DevOps, agile, scrum, waterfall: such development methodology buzzwords can be seen as dogma in certain approaches to projects.
But when Bet365's head of project delivery Kamal Kaaba led the firm's transition of its websites from Flash to HTML 5, he and his team began to see a real need to pick apart the specific offerings of established methodologies, and see what they could really bring to the task.
The job, which basically involved changing from Flash to HTML 5 before the outdated technology was declared a security risk in browsers like Google Chrome, basically meant having the desktop code base catch up to the technical level of the HTML 5-based mobile site.
Although an important point is this was not just a simple responsive conversion:
"Mobile customers look to bet very quickly while desktop users like to study for much longer," Kaaba told V3. These were two completely different site builds, so the desktop rewrite couldn't rely on much of the work done on mobile.
Scrum and sprint were the mooted development methods to undertake.
"As the project evolved, we actually found some of the development guys were pushing back, talking about the repeatability and how it was quite time-consuming," explained Kaaba.
"I'd actually use the word 'inefficient' for us, and [realised] that actually we could adopt a smarter approach and make it more targeted - so we'd do things out of need rather than just out of rote repeatability.
"Scrum didn't compliment the way we wanted to work. We're quite a lean organisation and we have a good idea of what we want to do with a project," he continued.
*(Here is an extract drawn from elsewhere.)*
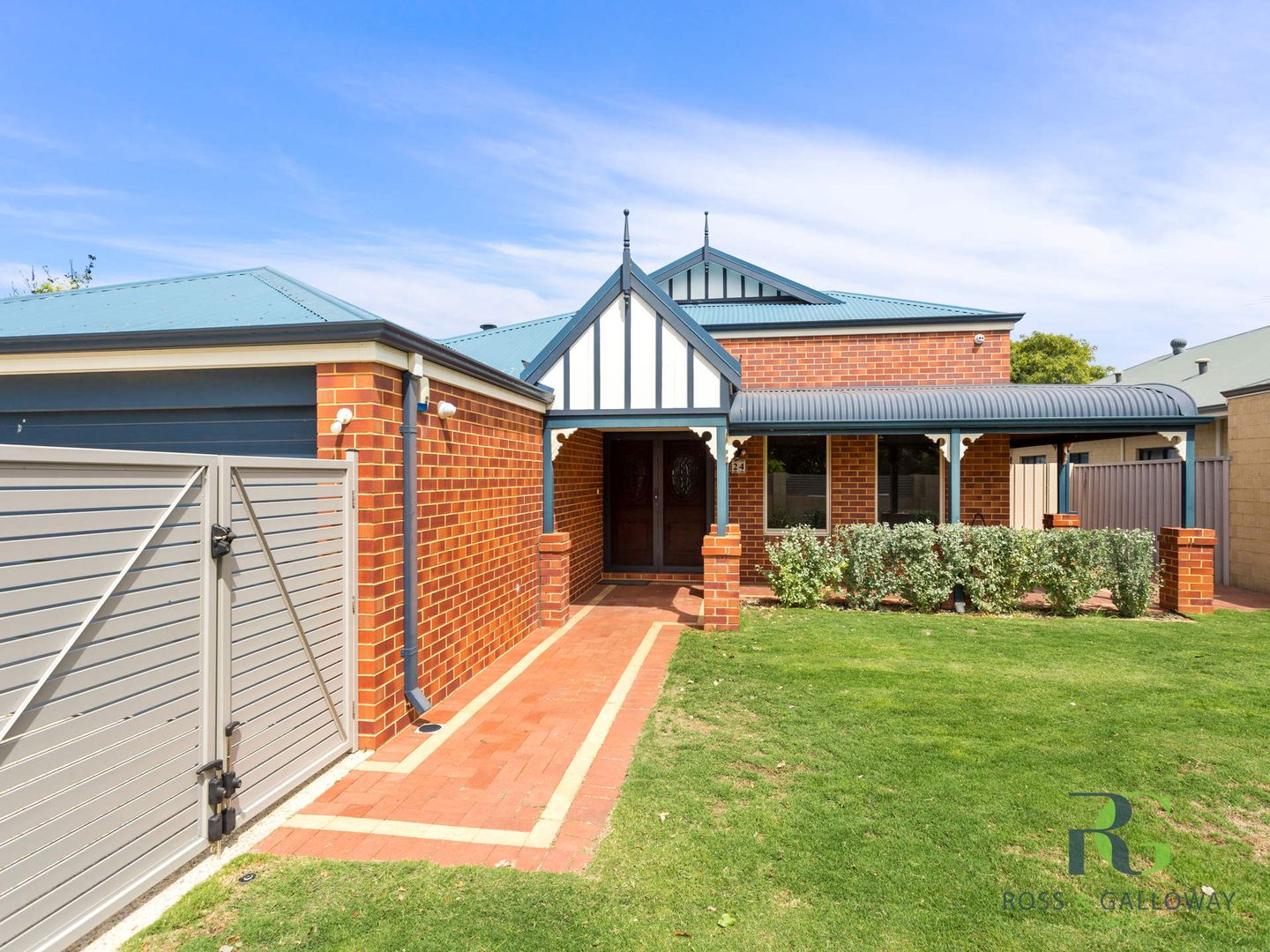 24 Kirby Street, Willagee WA 6156, Image 1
Kaaba said, like the company itself - which famously began in a Stoke-on-Trent portakabin and now turns over £646m a year - his team's approach to projects is "multimodal", and should be about keeping a clear objective in mind and maintaining a suitable approach.
"We look at a piece of work and look at the impulse we've got, the business objective, and we haven't got a one size fits all approach. We will decide through governance and decision-making what is the best way to approach that piece of work," said Kaaba.
Perhaps it was the team's existing attitude, or just the unsuitability of scrum for the task, but the cracks showed early.
"We got to a point with Scrum where its repeatability wasn't lean enough for us in the sense of how we structured it," said Kaaba.
"Every two weeks we had the scrum, and then we had a series of meetings and governance around it, and we actually found over time the value from those meetings and structures weren't giving the value we were expecting.